Questionnaire length can be minimized by handling any conditional questions with display logic, branching, or triggered follow-ups. In the case of triggered responses (ex: if a participant shares that they had anxiety recently, followed by a series of questions related to that recent event) should evaluate in pre-testing and piloting to ensure that such triggered questions are not introducing higher burden to participants by making survey length too great or too variable.
Another method of reducing questionnaire length is to only give 2–4 of the top-loading questions per assessment, or per domain within an assessment (Gabriel et al., 2019). This method can maintain reliability and validity so long as the top-loading questions provide adequate responses to address the desired domain(s). For example, see how Conner et al. (2017) were able to implement a shortened version of the Flourishing Scale in their daily survey.

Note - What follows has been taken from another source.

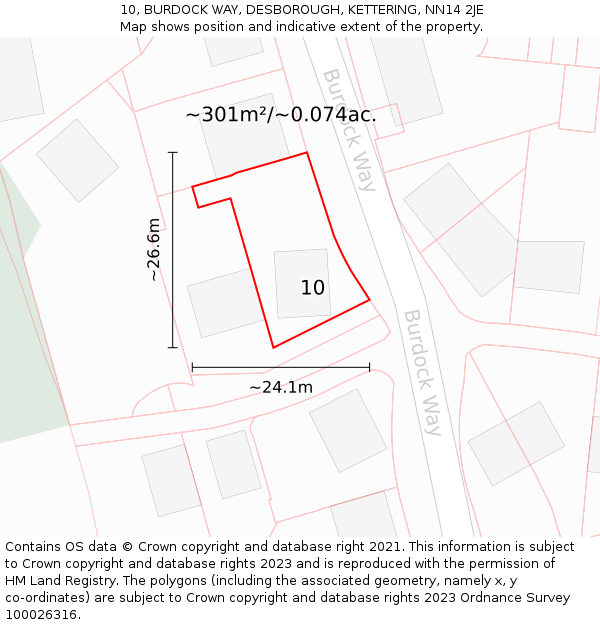 10, BURDOCK WAY, DESBOROUGH, KETTERING, NN14 2JE: Plot and title map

A third method to consider is to randomly display a varying subset of items in each assessment instance of a questionnaire as opposed to displaying every item every time. While this does slightly inflate standard errors, it is considered a valid way to reduce participant burden by cutting questionnaire length (Open Handbook of Experience Sampling Methodology, p. 83; Silvia et al., 2014).
How Pilot Testing and Participant Feedback Improve Questionnaire Design
Piloting and pre-testing are essential for acquiring valid participant feedback. Even with a validated ESM instrument, participant feedback is critical to catching added participant burden which may be unexpected. For example, a pilot test may uncover that the UI/UX of the ESM platform selected to administer the questionnaires is poor quality or confusing. Pilot testing should ideally involve participants from target populations and incorporate a means for participants to provide feedback on aspects of questionnaire design. Some key questions to ask include:
- Was any wording within the questions unclear or confusing?
- Were the scales, categories, and classifications understandable?
- Were any response options insufficient, or were certain cases omitted?
- Were questions consistently relevant across participants and in particular contexts of daily life?
Implementing a rigorous pilot testing process along with a strong participant feedback loop is vital to addressing potential issues and points of confusion. It is also a prime opportunity to test out the UI experience for potential software, learn about available support services, and develop troubleshooting documentation and processes for study administrative staff. For more information and direction on pilot testing, see the Open Handbook of Experience Sampling Methodology, with particular attention to Chapter 3 and page 84.
Overall, a well-drafted sampling design will reduce participant burden, while also promoting adherence and comprehension. By considering relevance, wording, order, length, and implementing a pilot test, researchers can draft excellent questionnaires that collect high-fidelity data with minimal disruptions to participants’ daily lives.